Au fil des années, de nombreux épargnants accumulent différents contrats d'assurance-vie, plans d'épargne retraite, comptes-titres ou investissements immobiliers sans disposer d'une vision réellement consolidée de leur patrimoine. La préparation de la déclaration constitue alors un moment privilégié pour reconstituer cette cartographie. Pour les produits d'épargne retraite, le site en ligne du gouvernement « Info Retraite » permet également de retrouver l'ensemble des contrats détenus. Cette vérification est d'autant plus utile que certaines informations peuvent ne pas apparaître sur impots.gouv.fr en l'absence d'opérations ou de flux déclarés au titre de l'année en cours.
La déclaration fiscale agit ainsi comme un point de contrôle annuel. Elle permet de s'assurer que les informations détenues par les différents acteurs du patrimoine sont toujours à jour et que les stratégies mises en place demeurent adaptées à la situation du client.
Un révélateur des opportunités d'optimisation
Au-delà de son rôle déclaratif, la campagne fiscale constitue un formidable outil de détection des leviers d'optimisation patrimoniale. En agrégeant l'ensemble des revenus, charges, investissements et dispositifs utilisés par le contribuable, elle met en lumière les marges de manœuvre encore disponibles et les arbitrages qui pourraient améliorer durablement l'efficacité du patrimoine.
C’est également un moment clé pour s'assurer que les conditions d'accès à certains dispositifs fiscaux particulièrement avantageux sont toujours réunies.

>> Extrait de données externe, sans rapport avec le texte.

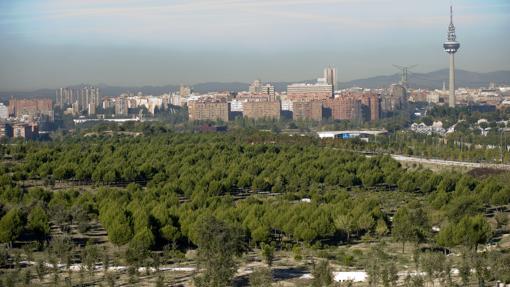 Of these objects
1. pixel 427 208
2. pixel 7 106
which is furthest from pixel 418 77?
pixel 427 208

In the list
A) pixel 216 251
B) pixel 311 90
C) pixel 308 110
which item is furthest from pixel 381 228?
pixel 311 90

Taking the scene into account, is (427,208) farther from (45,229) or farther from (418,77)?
(418,77)

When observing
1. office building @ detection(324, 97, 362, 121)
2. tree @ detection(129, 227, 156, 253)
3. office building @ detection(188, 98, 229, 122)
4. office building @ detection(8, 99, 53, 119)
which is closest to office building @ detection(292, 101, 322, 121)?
office building @ detection(324, 97, 362, 121)

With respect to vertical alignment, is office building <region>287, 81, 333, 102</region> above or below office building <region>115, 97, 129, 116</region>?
above

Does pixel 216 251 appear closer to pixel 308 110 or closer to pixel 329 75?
pixel 308 110

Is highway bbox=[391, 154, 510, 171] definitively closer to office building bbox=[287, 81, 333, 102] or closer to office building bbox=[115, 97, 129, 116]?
office building bbox=[115, 97, 129, 116]

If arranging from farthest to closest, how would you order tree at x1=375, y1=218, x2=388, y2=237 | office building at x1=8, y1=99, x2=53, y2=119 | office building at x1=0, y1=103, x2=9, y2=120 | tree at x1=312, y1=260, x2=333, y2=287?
office building at x1=8, y1=99, x2=53, y2=119 < office building at x1=0, y1=103, x2=9, y2=120 < tree at x1=375, y1=218, x2=388, y2=237 < tree at x1=312, y1=260, x2=333, y2=287

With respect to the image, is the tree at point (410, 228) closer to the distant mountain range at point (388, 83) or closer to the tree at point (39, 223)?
the tree at point (39, 223) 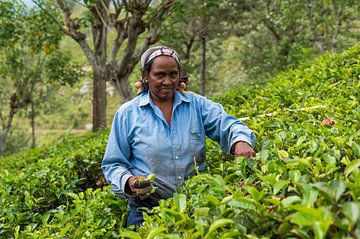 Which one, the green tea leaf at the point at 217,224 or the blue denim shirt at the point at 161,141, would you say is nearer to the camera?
the green tea leaf at the point at 217,224

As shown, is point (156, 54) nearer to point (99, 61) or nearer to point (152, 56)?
point (152, 56)

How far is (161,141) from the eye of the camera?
9.01ft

Chaque loi de finances est également l'occasion de voir émerger de nouveaux dispositifs d'optimisation qu'il convient d'intégrer rapidement dans la réflexion patrimoniale. Ainsi, à compter de cette année 2026, le dispositif Jeanbrun (appelé également statut du bailleur privé) offre aux propriétaires bailleurs un nouveau cadre fiscal. En contrepartie d'un engagement de location nue de longue durée et du respect de plafonds de loyers, il permet de bénéficier d'une déduction forfaitaire majorée sur les revenus fonciers, voire d'une réduction d'impôt dans certaines configurations, avec pour objectif de favoriser l'offre locative privée abordable.

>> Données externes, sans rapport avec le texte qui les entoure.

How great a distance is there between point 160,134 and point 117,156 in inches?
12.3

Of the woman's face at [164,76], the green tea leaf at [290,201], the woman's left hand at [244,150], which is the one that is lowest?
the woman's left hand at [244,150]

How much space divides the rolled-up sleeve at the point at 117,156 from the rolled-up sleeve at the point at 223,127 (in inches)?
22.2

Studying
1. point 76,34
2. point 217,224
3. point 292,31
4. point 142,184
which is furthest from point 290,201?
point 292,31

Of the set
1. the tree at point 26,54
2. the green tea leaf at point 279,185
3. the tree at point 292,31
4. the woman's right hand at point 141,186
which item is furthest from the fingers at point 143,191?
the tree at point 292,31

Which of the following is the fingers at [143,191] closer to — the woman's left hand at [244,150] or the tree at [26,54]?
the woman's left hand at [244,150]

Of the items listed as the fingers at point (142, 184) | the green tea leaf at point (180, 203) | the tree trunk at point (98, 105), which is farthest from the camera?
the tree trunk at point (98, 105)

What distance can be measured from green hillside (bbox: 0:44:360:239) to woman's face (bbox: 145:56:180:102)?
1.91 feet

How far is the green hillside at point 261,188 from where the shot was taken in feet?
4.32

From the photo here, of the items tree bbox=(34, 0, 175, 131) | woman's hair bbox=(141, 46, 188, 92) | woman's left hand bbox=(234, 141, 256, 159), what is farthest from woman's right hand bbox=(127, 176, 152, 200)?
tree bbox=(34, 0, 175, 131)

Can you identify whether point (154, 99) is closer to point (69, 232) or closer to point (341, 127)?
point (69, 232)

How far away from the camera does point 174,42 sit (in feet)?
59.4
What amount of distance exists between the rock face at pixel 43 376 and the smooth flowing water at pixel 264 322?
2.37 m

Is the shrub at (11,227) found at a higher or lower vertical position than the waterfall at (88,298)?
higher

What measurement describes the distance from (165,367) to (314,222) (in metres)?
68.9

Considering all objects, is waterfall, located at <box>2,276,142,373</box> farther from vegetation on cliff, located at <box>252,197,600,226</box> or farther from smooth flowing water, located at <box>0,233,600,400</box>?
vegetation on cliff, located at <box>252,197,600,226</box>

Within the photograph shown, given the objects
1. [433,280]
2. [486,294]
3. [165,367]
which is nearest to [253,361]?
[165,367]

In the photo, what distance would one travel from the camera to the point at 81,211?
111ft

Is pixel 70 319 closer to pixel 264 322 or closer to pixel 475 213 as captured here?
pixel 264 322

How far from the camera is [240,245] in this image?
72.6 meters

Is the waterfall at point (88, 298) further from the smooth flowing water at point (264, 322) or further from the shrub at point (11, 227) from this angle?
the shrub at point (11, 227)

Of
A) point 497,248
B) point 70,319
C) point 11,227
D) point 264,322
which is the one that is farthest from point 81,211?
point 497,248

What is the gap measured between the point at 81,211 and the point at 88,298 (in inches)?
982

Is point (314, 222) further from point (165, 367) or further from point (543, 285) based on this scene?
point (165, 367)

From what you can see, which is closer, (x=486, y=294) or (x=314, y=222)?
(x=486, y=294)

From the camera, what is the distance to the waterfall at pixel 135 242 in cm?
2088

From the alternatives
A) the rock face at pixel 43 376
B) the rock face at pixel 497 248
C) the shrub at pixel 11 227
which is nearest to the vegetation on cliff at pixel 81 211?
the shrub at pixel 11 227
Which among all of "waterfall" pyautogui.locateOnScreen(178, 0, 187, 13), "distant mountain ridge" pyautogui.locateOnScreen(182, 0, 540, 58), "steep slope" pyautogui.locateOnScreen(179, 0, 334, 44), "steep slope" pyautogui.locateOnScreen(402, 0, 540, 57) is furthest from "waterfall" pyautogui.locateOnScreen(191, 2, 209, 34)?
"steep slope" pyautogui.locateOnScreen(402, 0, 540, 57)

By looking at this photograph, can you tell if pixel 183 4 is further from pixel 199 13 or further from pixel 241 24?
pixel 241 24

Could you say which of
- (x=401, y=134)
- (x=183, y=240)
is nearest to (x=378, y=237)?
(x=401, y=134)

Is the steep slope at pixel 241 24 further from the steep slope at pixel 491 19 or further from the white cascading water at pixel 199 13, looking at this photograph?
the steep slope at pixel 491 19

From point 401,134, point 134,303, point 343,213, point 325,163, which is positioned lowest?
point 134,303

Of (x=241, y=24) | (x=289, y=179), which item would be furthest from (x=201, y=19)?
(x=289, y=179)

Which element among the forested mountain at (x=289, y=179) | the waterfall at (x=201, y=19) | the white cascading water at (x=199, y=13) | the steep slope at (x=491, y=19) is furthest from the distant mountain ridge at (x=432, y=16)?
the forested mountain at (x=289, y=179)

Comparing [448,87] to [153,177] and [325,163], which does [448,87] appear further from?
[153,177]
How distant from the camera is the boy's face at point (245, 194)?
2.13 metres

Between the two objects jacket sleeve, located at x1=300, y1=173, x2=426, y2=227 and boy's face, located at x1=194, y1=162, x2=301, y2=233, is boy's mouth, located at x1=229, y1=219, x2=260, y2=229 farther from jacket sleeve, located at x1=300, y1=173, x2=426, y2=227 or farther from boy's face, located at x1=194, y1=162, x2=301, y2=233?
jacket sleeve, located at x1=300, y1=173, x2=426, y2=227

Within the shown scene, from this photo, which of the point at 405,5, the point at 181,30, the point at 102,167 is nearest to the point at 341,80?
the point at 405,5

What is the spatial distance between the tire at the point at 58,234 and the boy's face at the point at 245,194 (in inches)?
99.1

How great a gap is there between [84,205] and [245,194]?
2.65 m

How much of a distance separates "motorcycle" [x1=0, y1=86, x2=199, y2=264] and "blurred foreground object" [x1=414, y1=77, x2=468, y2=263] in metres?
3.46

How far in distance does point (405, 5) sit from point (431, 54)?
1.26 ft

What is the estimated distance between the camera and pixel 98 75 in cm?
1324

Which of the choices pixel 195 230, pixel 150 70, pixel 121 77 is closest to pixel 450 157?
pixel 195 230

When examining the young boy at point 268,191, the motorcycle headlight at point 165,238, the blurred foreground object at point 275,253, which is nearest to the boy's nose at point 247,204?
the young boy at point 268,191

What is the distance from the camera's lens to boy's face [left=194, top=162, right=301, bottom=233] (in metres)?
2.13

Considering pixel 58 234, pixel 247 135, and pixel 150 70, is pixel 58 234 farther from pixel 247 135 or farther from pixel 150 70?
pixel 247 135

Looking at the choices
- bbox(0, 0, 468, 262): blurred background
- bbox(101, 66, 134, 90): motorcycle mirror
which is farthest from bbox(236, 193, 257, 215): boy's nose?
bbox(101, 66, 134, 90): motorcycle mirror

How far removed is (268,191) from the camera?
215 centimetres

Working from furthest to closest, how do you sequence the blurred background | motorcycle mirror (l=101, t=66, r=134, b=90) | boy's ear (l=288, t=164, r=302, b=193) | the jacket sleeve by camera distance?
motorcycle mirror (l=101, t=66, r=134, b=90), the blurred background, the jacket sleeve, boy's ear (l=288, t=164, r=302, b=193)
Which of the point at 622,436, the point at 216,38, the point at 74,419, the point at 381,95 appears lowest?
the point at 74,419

Les dispositifs de faveur liés à certains investissements locatifs, aux locations meublées ou aux régimes d'exonération nécessitent donc des vérifications régulières. Les revenus déclarés, les éventuels travaux réalisés ou les changements d'usage des biens peuvent avoir un impact direct sur les avantages fiscaux dont bénéficie le contribuable.
En matière de transmission et de détention d'entreprise, de nombreux mécanismes reposent sur le respect de critères précis qui peuvent évoluer au fil du temps. C'est notamment le cas du pacte Dutreil qui a été réformé en 2026, dont les engagements de conservation et les conditions d'exercice de fonctions de direction nécessitent un suivi régulier.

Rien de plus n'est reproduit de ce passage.